Firefighters used the relative calm over the weekend to establish containment lines around the Lithgow fire that is blazing on a 200km front and has already burnt 38,000 hectares of bushland.
Emergency services and nearby mines and residents are bracing themselves for worsening conditions this week as north-westerly winds are expected and hot dry conditions prevail.
NSW Premier Barry O’Farrell has called a state of emergency to enable the Rural Fire Service to take pre-emptive action to save lives and property as fire commissioner Shane Fitzimmons warns that the fires are the worst experienced in the state since 1968.
“They have the very real potential to go right out to the eastern end of the Hawkesbury, right down into the northwest area of Sydney including Richmond,” he said.
“That's what we are talking about, the run from Bilpin right through to Richmond.

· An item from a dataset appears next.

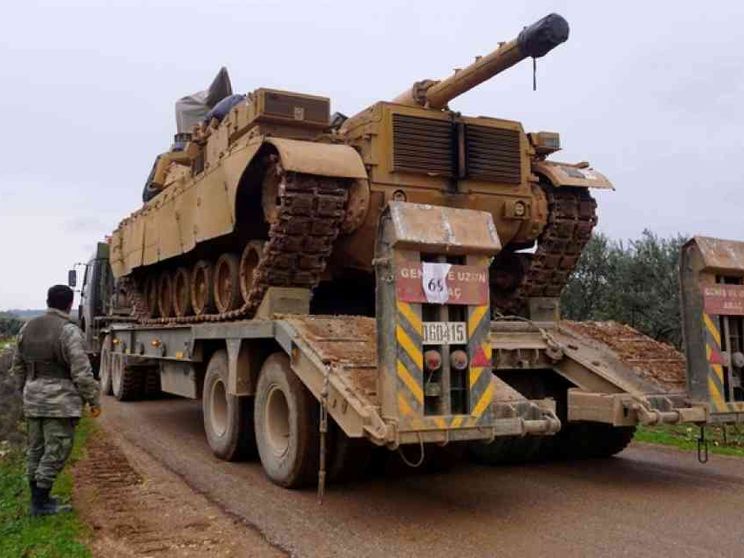 Erdogan avverte Assad: «Colpiremo ovunque». Nuovo appello di Francesco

“We are also talking about the fires coming down the northern areas of the Great Western Highway, everywhere from Blackheath to Katoomba, Leura and all the townships all the way along to places like Springwood and Winmalee.

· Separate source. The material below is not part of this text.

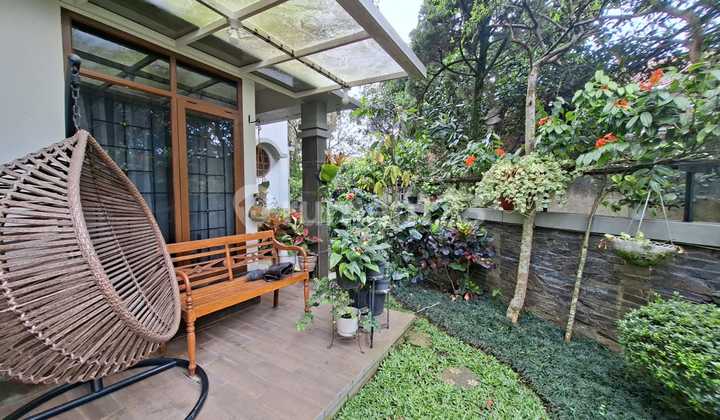 Corner House in Armala Pasteur Gunung Batu Housing Complex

“That's the magnitude. I sincerely hope it's not realised and we end up somewhere in between but what we can't ignore is the probability, based on the weather forecast and based on the current fire behaviour that we've experienced and which we are continuing to experience across these fire grounds.”
The access corridors to mines around Lithgow have been blocked by the bushfires that have swept through the upper Blue Mountains with the Bells Line of Road closed and the nearby town of Bilpin being evacuated.
The loss in production through the disruption caused by the bushfires is too early to calculate with transport of staff, contractors and machinery all being affected.
Around the state, emergency services have been stretched attempting to control fires in the lower Blue Mountains, the Southern Highlands, the Central Coast, the Hunter Valley, Newcastle, Lake Macquarie and the Illawarra.